Patricia Campbell had always planned for a big life, but after giving up her career as a nurse to marry an ambitious doctor and become a mother, Patricia’s life has never felt smaller. The days are long, her kids are ungrateful, her husband is distant, and her to-do list is never really done. The one thing she has to look forward to is her book club, a group of Charleston mothers united only by their love for true-crime and suspenseful fiction. In these meetings, they’re more likely to discuss the FBI’s recent siege of Waco as much as the ups and downs of marriage and motherhood.
But when an artistic and sensitive stranger moves into the neighborhood, the book club’s meetings turn into speculation about the newcomer. Patricia is initially attracted to him, but when some local children go missing, she starts to suspect the newcomer is involved. She begins her own investigation, assuming that he’s a Jeffrey Dahmer or Ted Bundy. What she uncovers is far more terrifying, and soon she—and her book club—are the only people standing between the monster they’ve invited into their homes and their unsuspecting community.
What is The Southern Bookclub’s Guide to Slaying Vampires about?

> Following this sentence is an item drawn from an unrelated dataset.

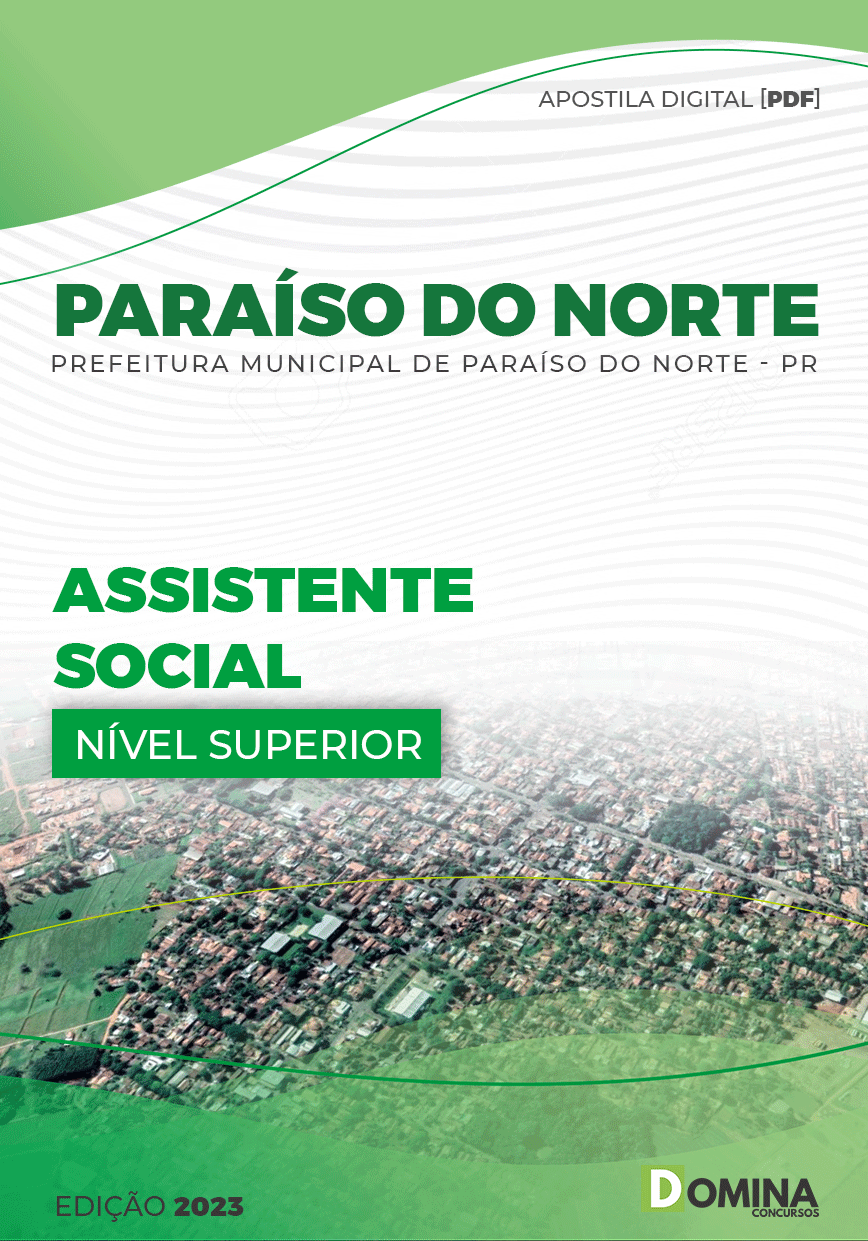Apostila Digital Pref Paraíso Norte PR 2023 Assistente Social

The book starts with the life of a Southern housewife, Patricia. In seeking to join the right parts of her community she seeks out friendships in a book club, only to find herself with utterly different friends in a completely different book club. Reading only true crime and thrillers, Patricia notices some red flags popping up in her community after the arrival of a stranger. But by the time she does anything about those red flags, he’s already embedded into the lives of her friends and family and refuses to be uprooted.
I went into this book thinking it would be more akin to urban fantasy, but boy was I wrong. This book is so firmly horror. There are incredibly vivid and bloody descriptions of the action, and times where the story takes a turn that’s shocking but also highly genre appropriate.
Tropes: Gentlemen’s Club
One of the major recurring tropes (gotta love some continuity) is that of the Gentlemen’s Club. In the South especially, it’s common for men of a certain community to band together and keep one another’s secrets, as well as enforce the written and unwritten laws of their community. In some cases, this also perpetuates violence when the Club becomes a vigilante mob.
Plot: Preying on Small Town Sensibilities
The nature of the suburban community Patricia is a member of is very important to the story. It allows insiders to get away with a lot more than they should, so long as they follow the guidelines of the community and do not betray certain principles. It also allows the right facade to work for a stranger entering their midst…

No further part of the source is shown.